How Caching Improves Runtime in Mobile Test Automation
- Christian Schiller
- 22. Nov. 2025
- 3 Min. Lesezeit
Mobile test automation can slow to a crawl on slow-loading pages or when dealing with brief, transient UI elements. In cloud device labs and CI pipelines, these delays block release cycles and increase costs. Often the culprit is redundant UI lookups and mis-timed waits for elements that only flash briefly (like toast pop-ups). In this article, we examine why this happens and how an AI-driven caching mechanism can dramatically speed up test runs.
Why Slow Pages and Transient Elements Drag Down Tests
UI tests often waste time because they search the app’s UI from scratch on every step. If the app is still loading (or an element only flashes briefly, like a toast message), the test may have to wait or retry. These issues make runs slow and flaky when timing doesn’t align.
Teams sometimes add blanket waits or intense polling loops to cope, but that ultimately trades speed for reliability.
How GPT Driver’s Caching Speeds Up Slow UI Steps
GPT Driver tackles the speed problem by eliminating redundant work through caching. Several caching techniques are applied to shorten repeated interactions and stabilize timing:
Element & selector reuse: When GPT Driver finds an element (say a “Login” button) once, it remembers how to locate it. Subsequent steps don’t search the UI tree again for that element – the cached selector or element reference is reused instantly. This removes the overhead of rescanning a slow-loading page for the same components.
Stored wait results: If a prompt step has already waited for a condition (for example, “wait until the dashboard loads”), that result is cached. The following steps know the app is in the ready state and can proceed without additional waits. This avoids stacking multiple waits on the same screen.

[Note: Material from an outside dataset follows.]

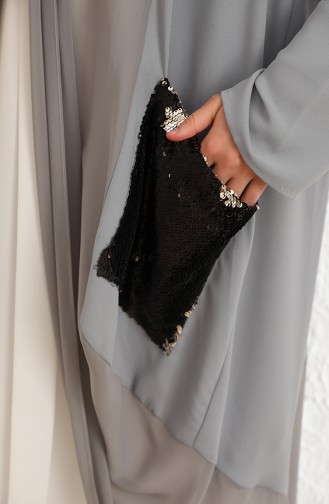 Sequined Abaya 1147-01 Gray 1147-01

Avoiding repeated AI calls: When a test or step is executed more than once, GPT Driver reuses the last successful strategy instead of invoking the AI model each time. It operates with a command-first mindset: using cached actions first and only falling back to AI if something has changed. This approach has been shown to speed up execution by as much as 70%, since most steps run via quick cached commands rather than expensive AI reasoning. The net effect is far less time wasted on repeat operations and idle waits, so overall execution is much faster.

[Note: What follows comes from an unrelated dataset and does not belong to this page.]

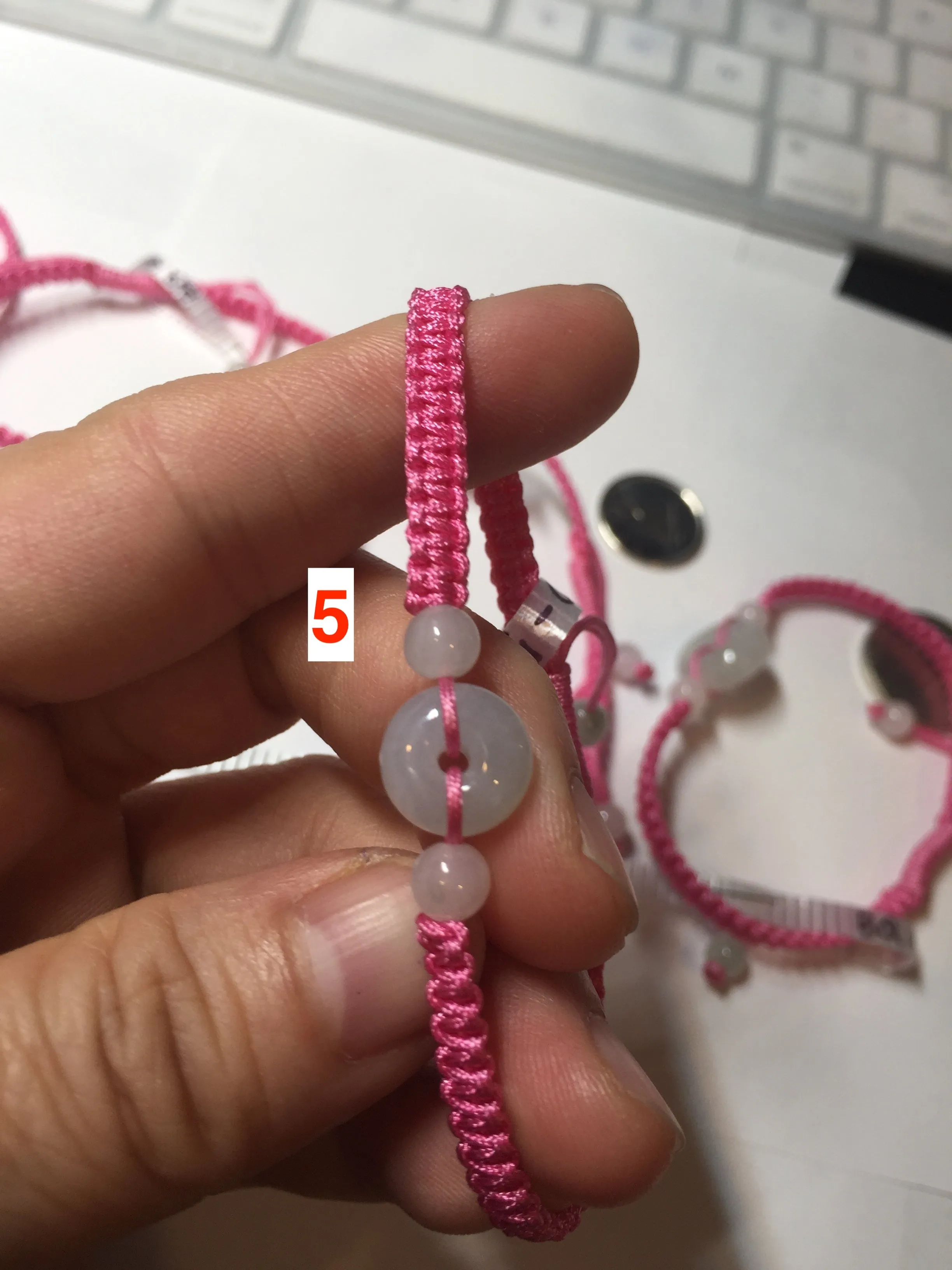 100% natural type A green white Safety Guardian Button donut jadeite jade thread woven bracelets BQ40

All of these caching tactics translate to real gains. The automation essentially cuts out duplicate UI queries and idle waits, so tests spend more time doing useful work.
Example: Handling a Toast Notification
Consider a scenario where tapping a “Save” button triggers a fleeting “Saved successfully” toast. Here’s how a traditional test versus a GPT Driver test would handle it:
Traditional: After tapping “Save,” the test script polls repeatedly for the toast message (checking for the element every few milliseconds for a few seconds). This issues many UI queries and often waits the full timeout to be sure the toast was caught.
GPT Driver: A single step — e.g. “wait for ‘Saved successfully’ toast to appear and disappear” — handles this internally. The driver watches for the toast and continues as soon as it’s gone. No custom loop is needed, so the test spends zero extra time beyond the toast’s actual duration.
Both approaches eventually verify the toast, but the AI-driven method does it with far less overhead. In the traditional case, the test spent several seconds actively searching for an element that only existed briefly. In the cached approach, the test step effectively “slept” until the toast event happened, incurring minimal load. Multiplied across many slow interactions, this difference significantly cuts down total runtime and flaky failures.
Conclusion: Faster Tests with Less Redundant Work
Eliminating redundant UI scans: Tests stop repeating the same UI lookups, which speeds up interactions on slow pages.
Minimized waiting time: Instead of blanket 5–10 second waits everywhere, caching lets you wait once and move on. The test syncs with the app’s actual speed rather than using worst-case delays.
More reliable timing: Transient UI events (toasts, spinners) are handled by targeted waits. The test catches these events without slowing other steps.
Efficiency in CI: Faster individual tests mean shorter CI pipelines and less device cloud time. By reusing steps, teams have seen test runs 2–3× faster in practice – directly yielding cost savings and quicker feedback.
By addressing the root causes of slowness – redundant lookups and coarse timing – caching enables mobile tests to run significantly faster and more reliably than traditional methods that rely on brute-force waits.